You sound very in fear of your wife and domestic violence will make you think like that. 

Her behaviour is out of order, if I treated my husband that way, he'd put me in jail or a mental health facility. 

Sent from my B1-730HD using Tapatalk


----------



## TheTruthHurts (Oct 1, 2015)

You might need to get a restraining order if you decide to confront and deal with this.

I would never stay in your position. I read another thread about a filipino wife who behaved similarly. These could be cultural differences with anger and emotional control issues all bundled into one.

Again - I wouldn't live that way and would leave.

However, you said a couple of things that are red flags.

1-you have no control over your car being impounded. Total victim-speak. If my car were taken from me through no fault if my own, someone ELSE would pay and you can dam well bet I wouldn't leave my story hanging like that - I'd say exactly why I had no control. I just can't imagine a scenario where I'd even think that way. If it was stolen I'd say it was stolen. If someone borrowed it, racked up tickets and got it taken, I'd own up to my foolishness in lending it and put the rest if the blame on the other person and make them pay. If my spouse got it taken away - I'd explain what happened. Your choice of words and lack of explanation raise way too many questions.

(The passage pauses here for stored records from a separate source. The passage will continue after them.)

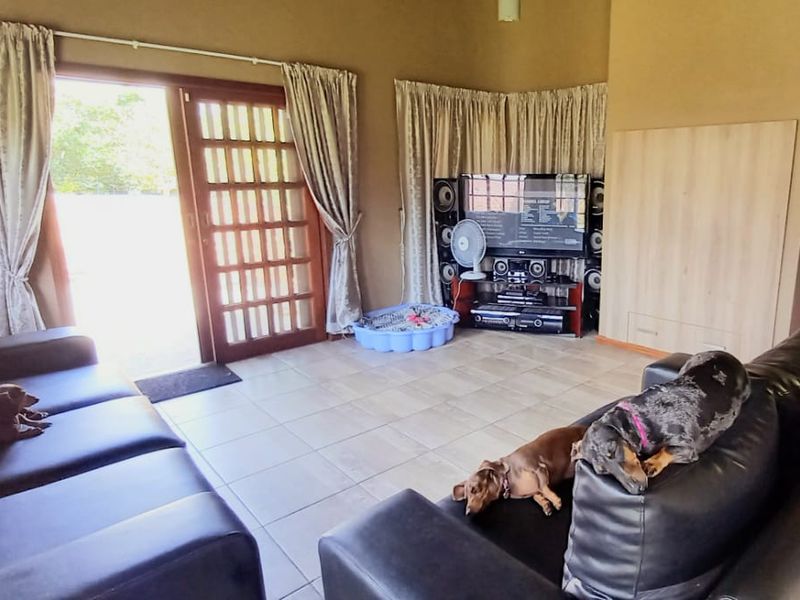 Modern Comfort Meets Country Charm  - Photo 7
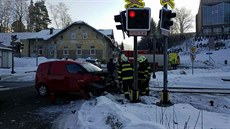 Řidič auta podle prvotních zjištění policie přehlédl blikající světla na... Řidič auta podle prvotních zjištění policie přehlédl blikající světla na...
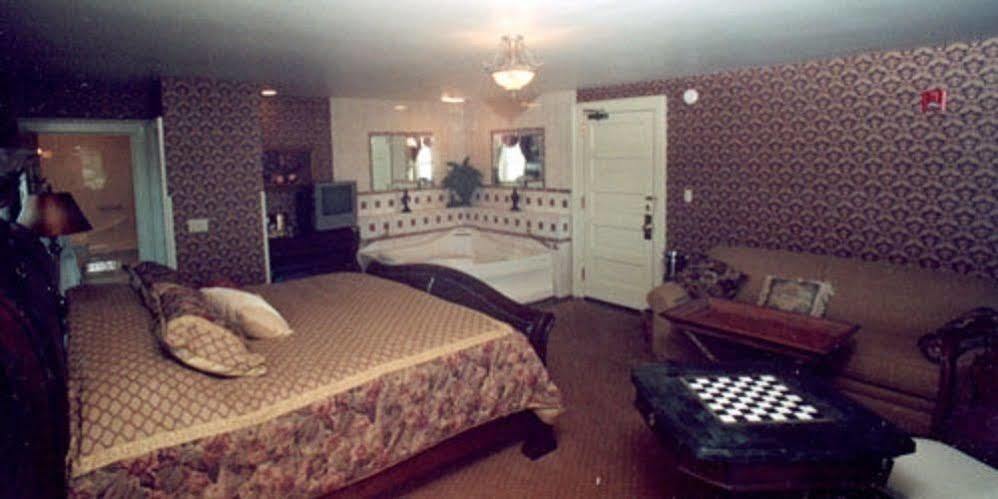 Julias Bed And Breakfast Hubbard Exterior foto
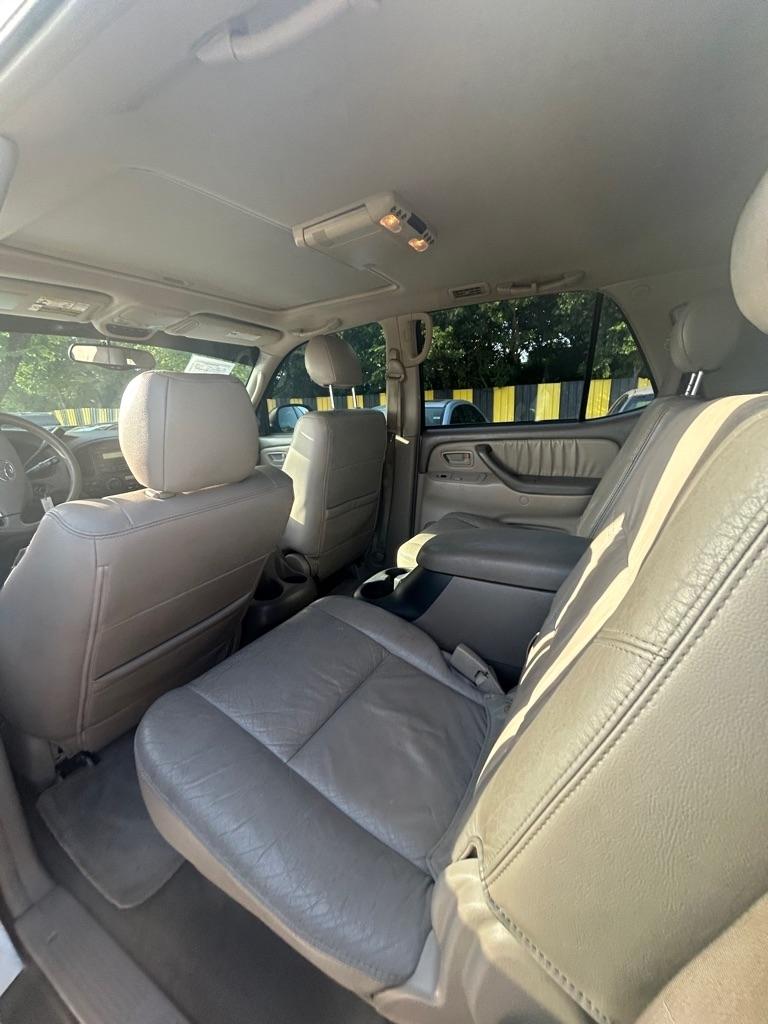 Toyota Sequoia  2006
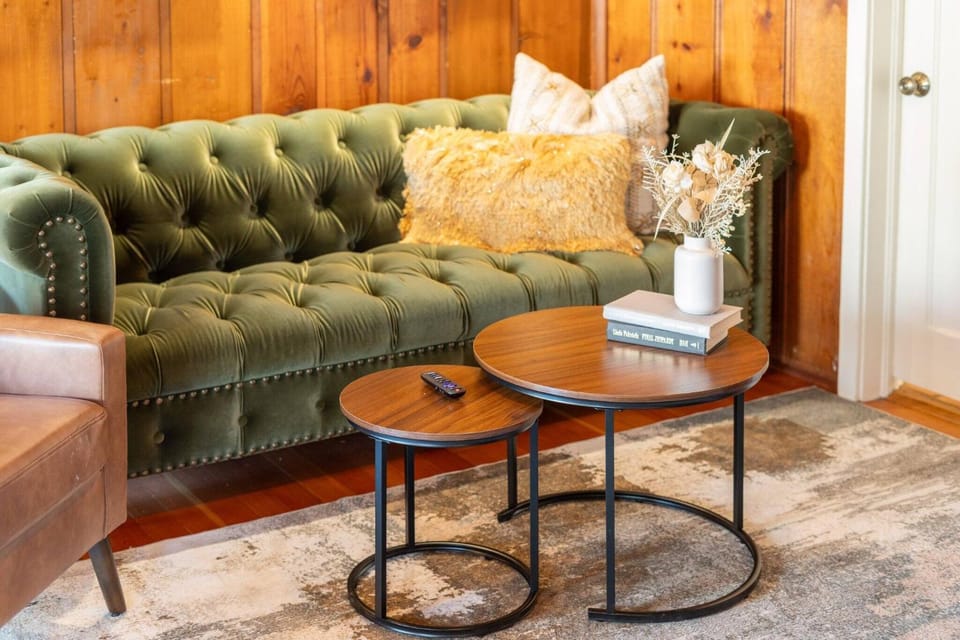 Living room, Decorative detail, Seating area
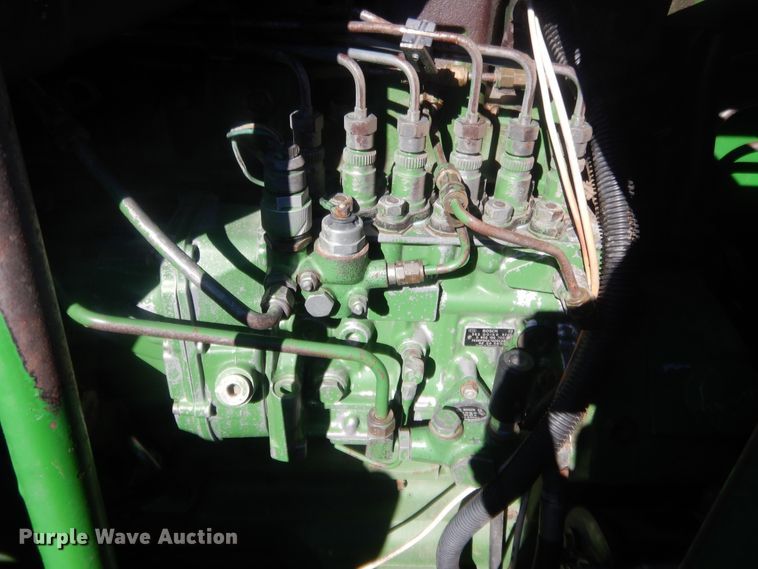 image for item HW9124 1990 John Deere 9600  combine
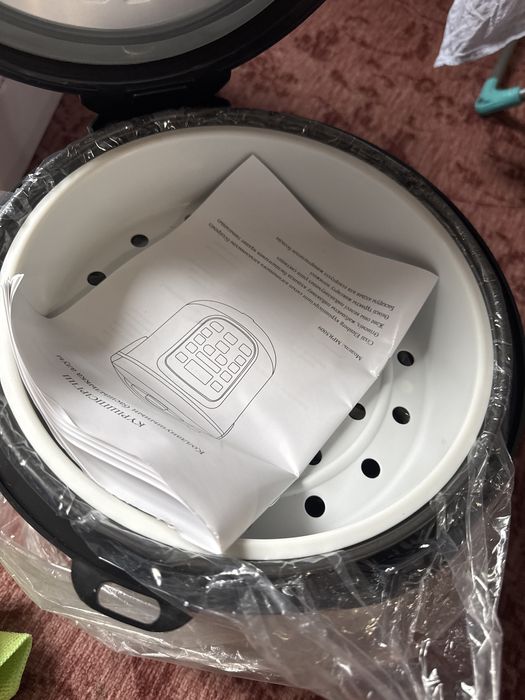 Мультиварка Elenberg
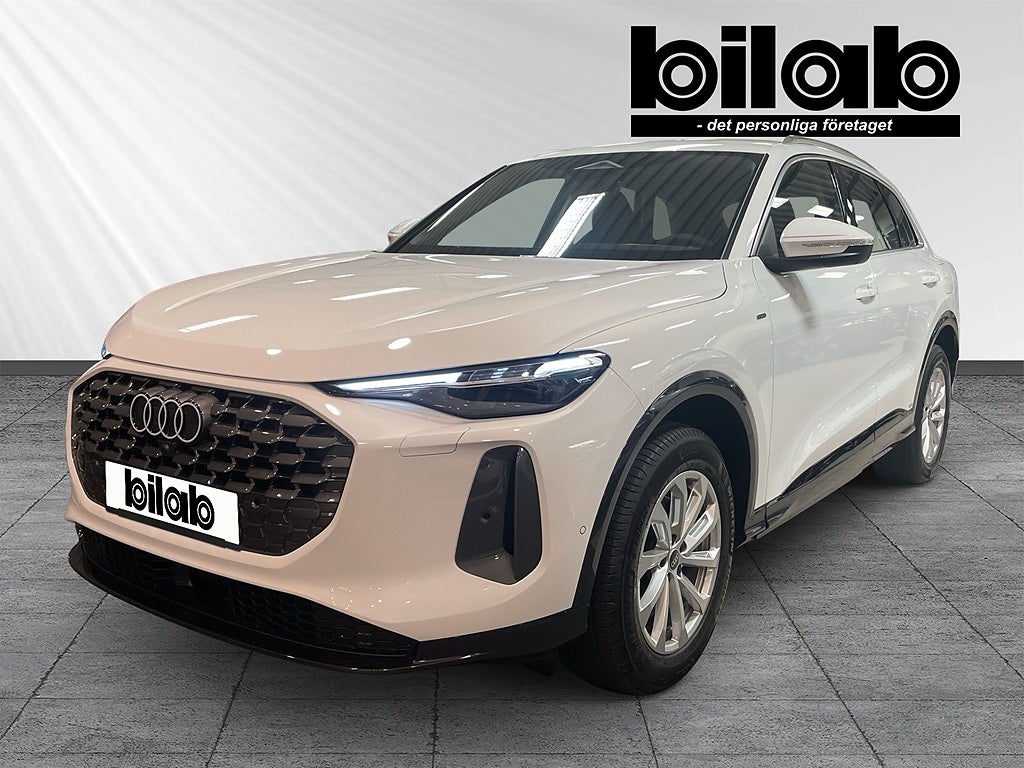 Audi Q5 SUV e-hybrid 299hk quattro Tech Plus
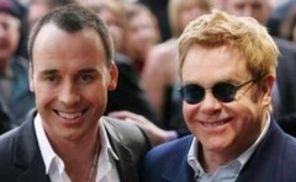 Elton John a devenit tatic de Craciun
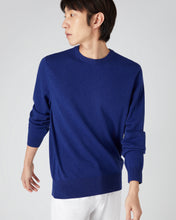 Load image into Gallery viewer, N.Peal Men's Oxford Round Neck Cashmere Jumper Sapphire Blue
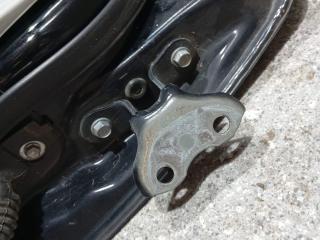 петля двери Toyota Prius 3 поколение (2009 - 2011)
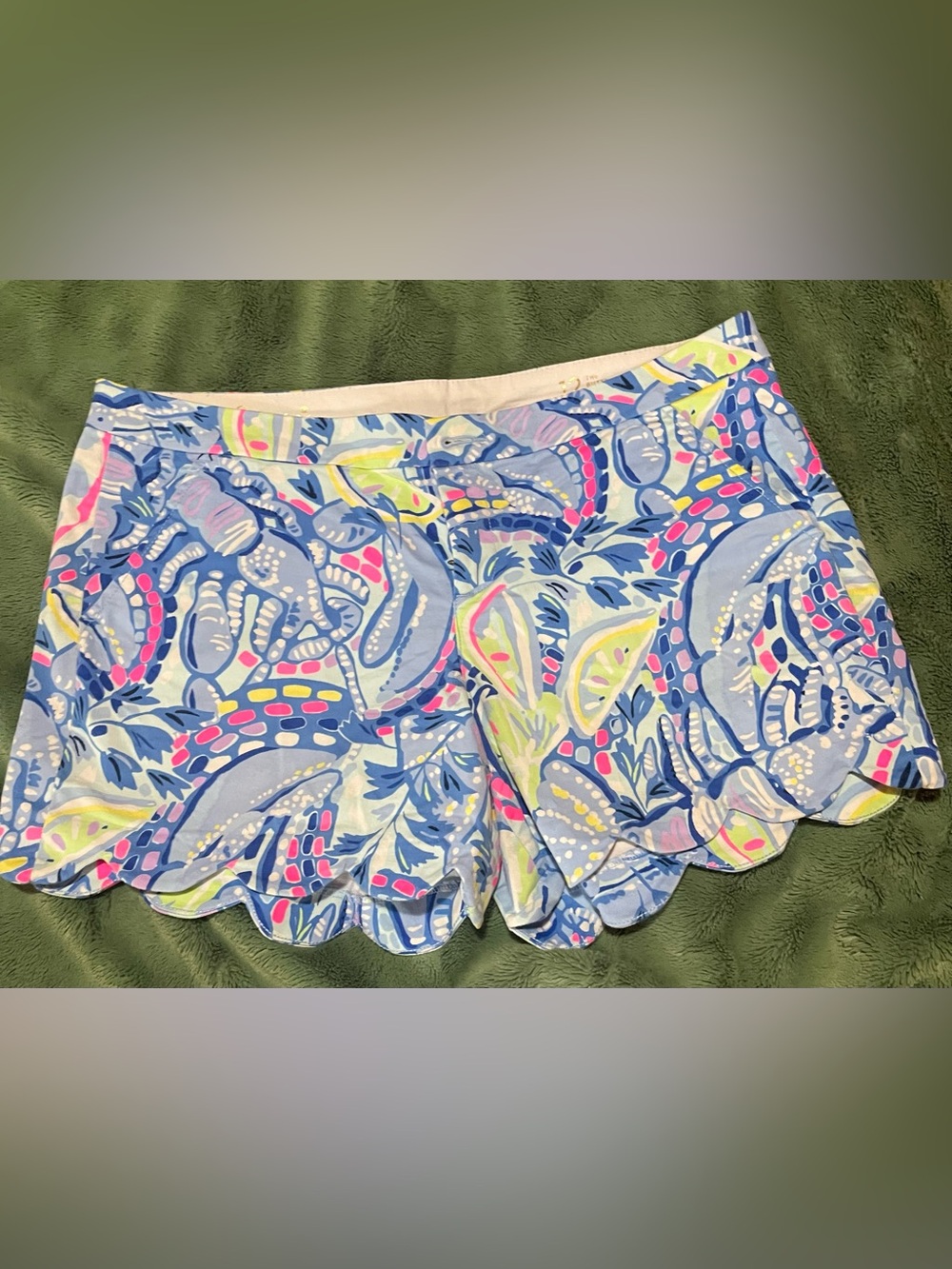 Lilly Pulitzer Blue Multicolor Scalloped Hem Shorts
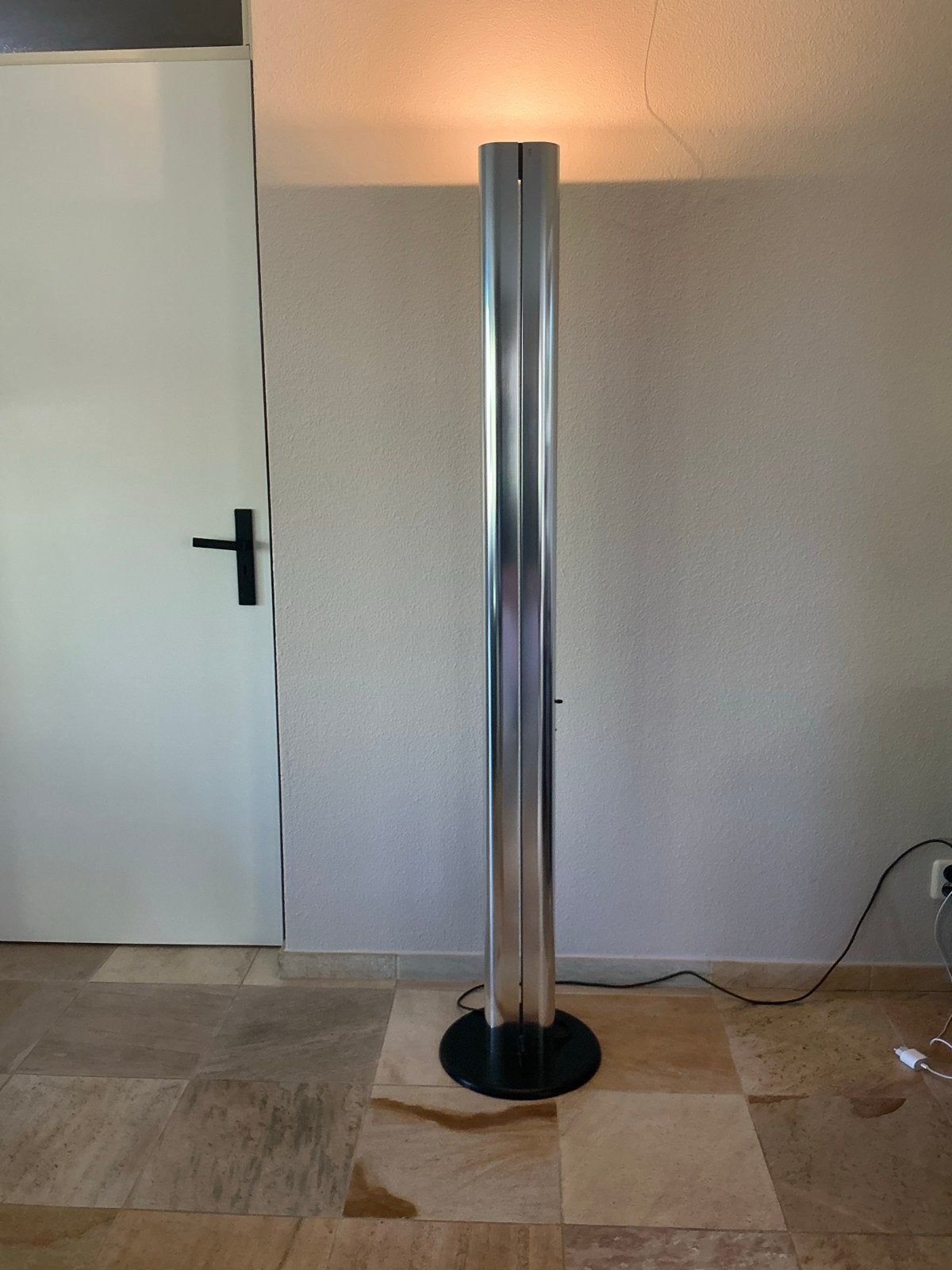 Artemide Megaron Vloerlamp - Modern Design in goede staat, Huis en Inrichting, Ophalen, Gebruikt, 200 cm of meer, Overige fittingen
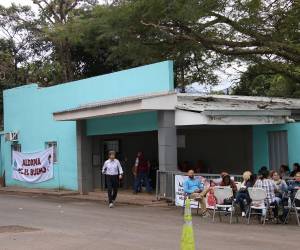 Simpatizantes de Libre continúan atrincherados en la Alcaldía del DC, apoyando a Aldana y exigiendo que se revisen 435 actas de los comicios.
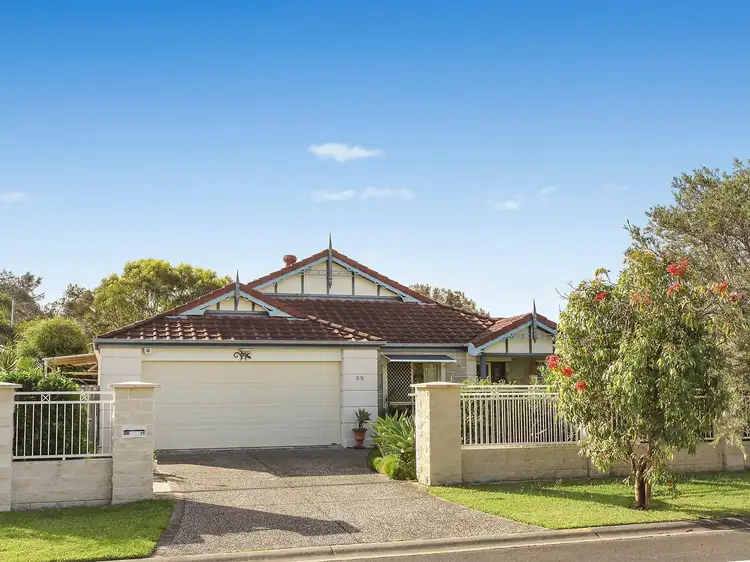 39 Casuarina Drive, Elanora QLD 4221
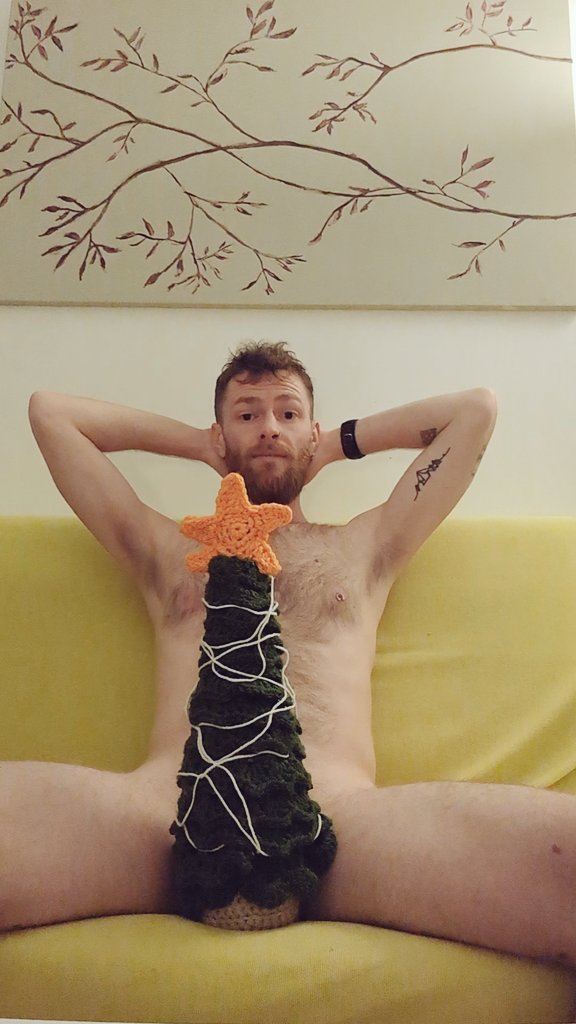 iskir_'s tweet photo. ¡Feliz navidad! Que arbolito de crochet tan lindo ¿no?  
#crochetgay #gayganchillo https://t.co/pTj2gxoAUU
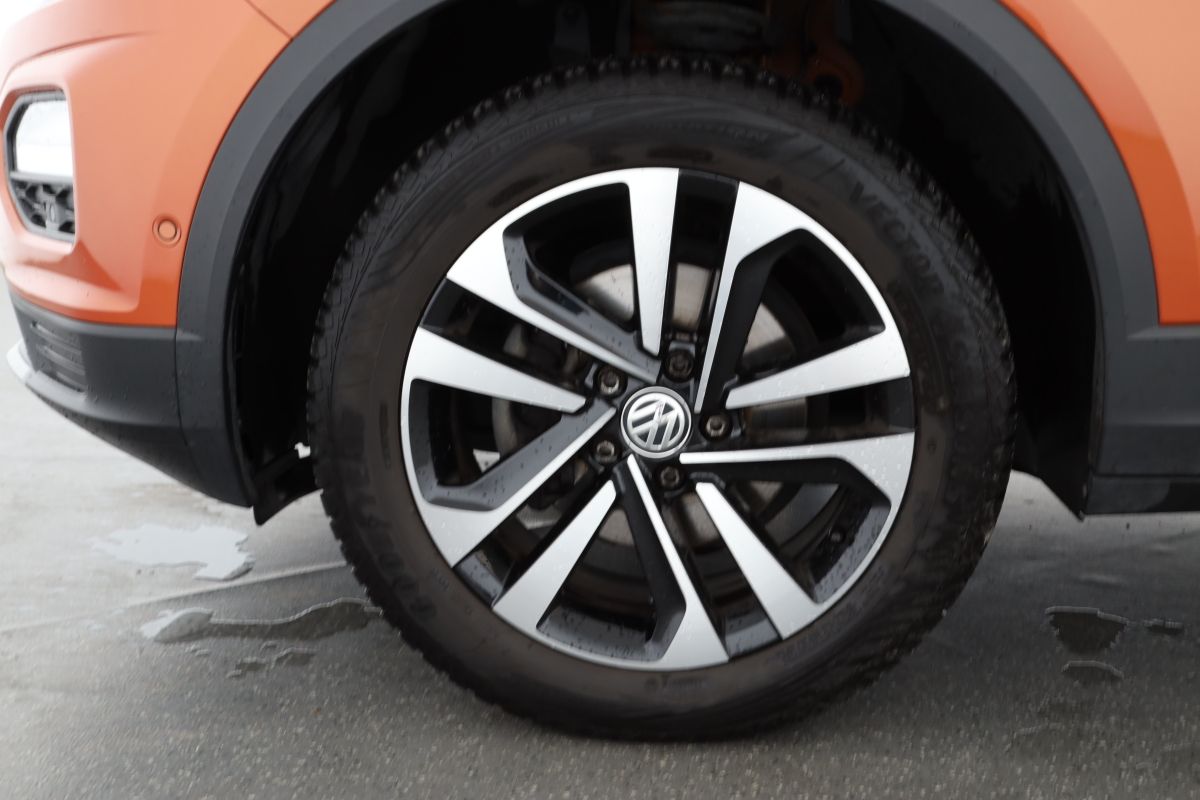 Volkswagen T-Roc 1.5 TSI IQ.DRIVE - Samsaru's Car Outlet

2-you are broke. Why? What can you do to change that? Are you working on that? You must take control of your finances, not live beyond your means, and be financially successful to a basic extent. Needs more explanation.

Neither of these issues of yours excuses your W's behavior though. 


Sent from my iPhone using Tapatalk


----------



## 3Xnocharm (Jun 22, 2012)

This story sounds very familiar...have you posted this here before, maybe under a different user? 

Honestly, it doesn't sound like she cares about you at all..


----------



## GusPolinski (Jan 21, 2014)

Pull the plug before she winds up pregnant or you're married so long that you wind up paying alimony for the rest of your life.


----------



## sokillme (Jun 10, 2016)

First off cost of living cheaper in NJ,:rofl: only in CA could the cost be more! Move to Pency if you divorce.

Second don't have a kid until you get this settled. Third *don't have a kid until you get this settled!*


----------



## GuyInColorado (Dec 26, 2015)

Join the club. Divorce isn't the end of the world. Man, you have no kids. There's nothing to it! I would have kicked her to the curb after she went crazy on you. Divide your crap 50/50 and never date a Filipino again. Life is a journey. We make mistakes and learn from them. You'll learn from this mistake and thrive once she's out of your life.


----------



## arbitrator (Feb 13, 2012)

*Don't let the proverbial door hit you in the a$$! Get to a lawyers office pronto and have them immediately draw up the paperwork to rid yourself of this scourge!*


----------



## barbados (Aug 30, 2012)

GuyInColorado said:


> Join the club. Divorce isn't the end of the world. Man, you have no kids. There's nothing to it! I would have kicked her to the curb after she went crazy on you. Divide your crap 50/50 and *never date a Filipino again.* Life is a journey. We make mistakes and learn from them. You'll learn from this mistake and thrive once she's out of your life.


This has zero to do with her ethnicity. I just passed the 30 year mark with my Filipino wife and not once ever has she acted like that, nor has her mother or any other of her female relatives that I have been around for 3 decades.

This is just him being with an immature self centered person who just happens to be Filipino.


----------